Discovering Mallemort The Heart of Provence
My mother might not approve as some of my relationships these days start via social media – a tweet, a Facebook “like.”
That is exactly how we ended up on a rocky trail bordered by the Durance River and cherry orchards with our new friend Charmaine. We spent a Tuesday morning mountain biking (VTT) bumpy paths past fruit trees and goat herds near the property that she and her husband have converted into Mas de la Croix de Fer in Mallemort.
Then, we went for lunch so Charmaine could tell us about her village. We dined at le Jardin a small restaurant-café in the heart of the village. Murielle Garcin, a fully bilingual Mallemort native, owns and operates the restaurant. The menu includes a wide range of meal-size salads featuring products such as local chèvre and honey.

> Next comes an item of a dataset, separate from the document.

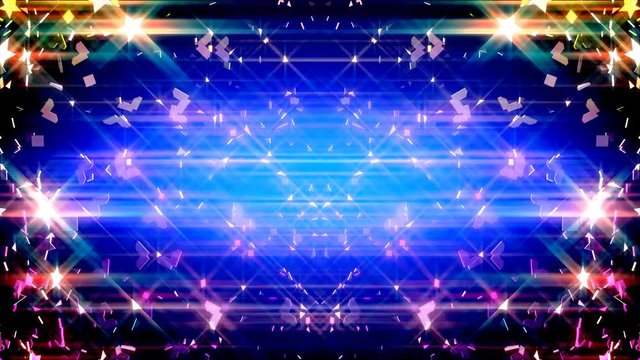 A lot of festive star figures flying and small shatters are mirroring on the blue background.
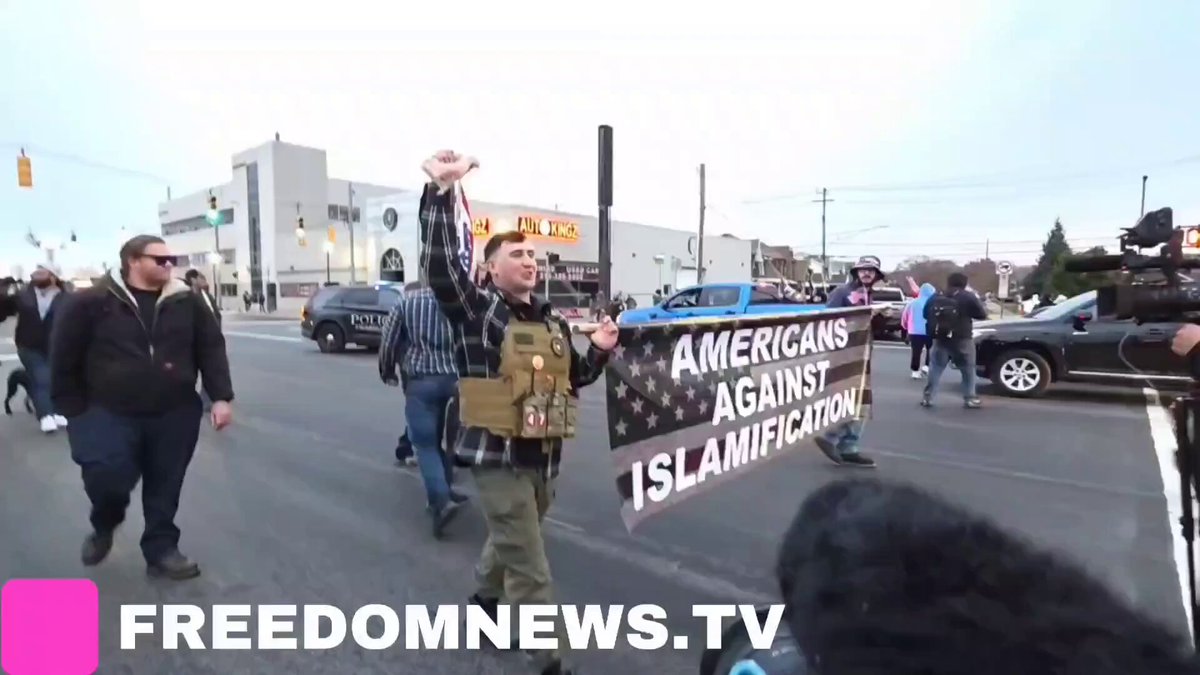 🚨 NOW: Large groups of CHRISTIANS have taken to the streets of Dearborn, Michigan, which is now under majority Muslim control Chants of “Whose streets? OUR STREETS” can be heard as they march. We CANNOT surrender a single U.S. city to Islam. NONE.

Mallemort is a medium size town in the Bouches-du-Rhône with a population that hovers around 6,000 people. The first mention of the Castro Malemortis was in 1092, all that remains of an ancient castle are crumbling walls of the tower. However, make an effort to climb to the top of the hill to see the Durance River and Luberon Valley unfold in all directions. You will now appreciate why the castle was built on that spot.
Apparently, Mallemort acquired its name from the unpleasant combination of mal (bad) and mort (dead). Prior to dams and irrigation channels, the valley was marshy and subject to the Durance’s frequent flooding. It was a terrible place for both crops and disease. Today, long after the marshland has dried up, Mallemort residents are fortunate to reap the benefits of low property taxes with the nearby Pont Royal Golf Club supplementing the tax-roll.
Elected officials have directed funding to sports and entertainment facilities including a large public swimming pool, tennis courts, a soccer field, a skateboard park and basketball courts. There is also a cinema theatre, and highly important in a Provencal town a shaded park for boules.
This town is an excellent location for a short visit given its proximity to vineyards, beaches and historical artifacts. It is also a good choice as a commuter town with major centres such as Aix en Provence, Marseille, Avignon, Salon and Arles within easy reach.
Here are Charmaine’s Perfectly Provence recommendations for Mallemort (and a couple extra):
- The Friday market. Although, it is small there is everything needed to prepare a few nice meals and do a bit of shopping.
- Endless hiking trails including sections of the GR6.
- Options for road cyclists with the Luberon trail system just across the river.
- Mountain bike (VTT) routes with steep climbs through gorges or flat routes that continue for more than an hour.
- The old suspension bridge (pont suspendu) over the Durance River, built in 1848. It is currently closed to the public as it no longer safe to cross the wood-plank deck. There are plans to restore the bridge for non-motorized traffic and pedestrians.
- Bread from la Boulangerie Patisserie Foirestier in nearby Cazan.
- Meat from O Cote Viande an excellent butcher in town.
- l’Auberge du Vieux Village which specializes in meat dishes. This restaurant has an upscale atmosphere and a lovely upstairs terrace for chic summer lunches.
- Le Jardin’s (see above) delicious salads or try its menu du jour. In the summer, le Jardin has a pretty, shaded garden.
- Shop at le Sud they sell top clothing brands.
- With a glass of rose after visiting nearby vineyards.
- In the shade and watch the locals play boules.